It must’ve taken massive amounts of self-control for the SF Weekly and writer Joe Eskenazi not to produce an accompanying slideshow for this week’s cover story (“Top 5 Ways Bleacher Report Rules!”, subtitled, “UNPAID WRITER CHURN OUT TERRIBLE ARTICLES AND THE OWNERS GET A $200 MILLION PAYDAY”), but at least they made an attempt to give credit where due. Following B/R’s sale to Turner, one of Eskenazi’s sources admits, “Every media entity questioning the wisdom of throwing down $200 million for Bleacher Report is already co-opting the tricks mastered by Bleacher Report.”
The site’s deft use of search engine optimization (SEO) — the tweaking of content and coding to increase online visibility — propelled its unpaid, amateur writers’ fare to the top of Google’s search engine results, placing it on equal footing with original work created by established journalistic outlets. It’s a rare sports-related Google search that doesn’t feature a Bleacher Report article among the top results. And once readers click onto Bleacher Report, they stick there — visitors are besieged with applications to subscribe to team-specific newsletters or mobile applications, or drawn into click-happy slideshows, polls, or other user-engaging devices that rack up massive pageviews per visit (to date, a slideshow titled “The 20 Most Boobtastic Athletes of All Time” has amassed 1.4 million views).

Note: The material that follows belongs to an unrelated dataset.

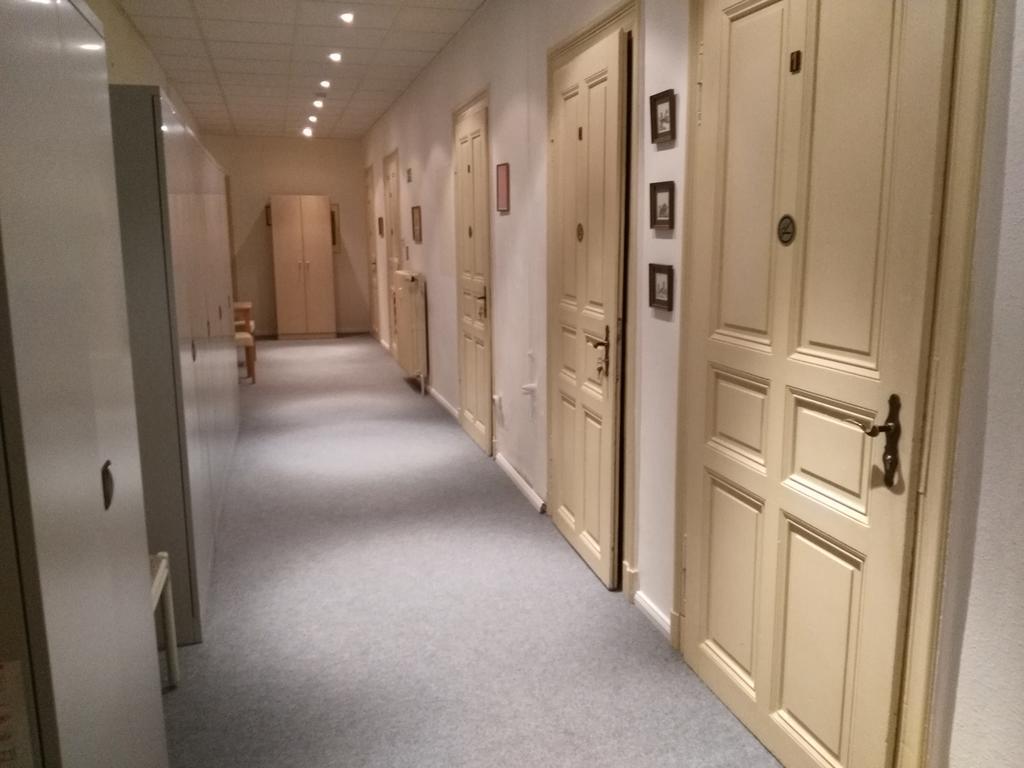 Maison d'hôtes Pension Leipzig Leipzig
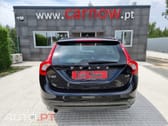 Volvo V60 2.0 D2 Momentum Ocean Race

Every publication has produced its share of jarringly bad writing. Yet Bleacher Report, powered by thousands of hobbyists and publishing more stories in an hour than many sites produce in a year, has lapped the field. While critics’ lamentations may be increasingly irrelevant, they’re hardly unfounded. Perhaps uniquely among journalistic entities, Bleacher Report has a “blanket policy” forbidding its writers from seeking out and breaking news. A dictum on the site states: “While we don’t doubt that some B/R writers have contacts they know and trust, a problem arises when we’re asked to take a leap of faith that those sources are both legitimate and accurate.” Bleacher Report is designed to engage in the far more lucrative practice of pouncing on news broken by others, deploying its legions of writers to craft articles — or better yet, multi-page slideshows — linking to its own voluminous archives, and supplanting original stories on the Google rankings. Breaking a story is no longer valuable: owning it is.
Bleacher Report declined to answer questions about this — or anything else.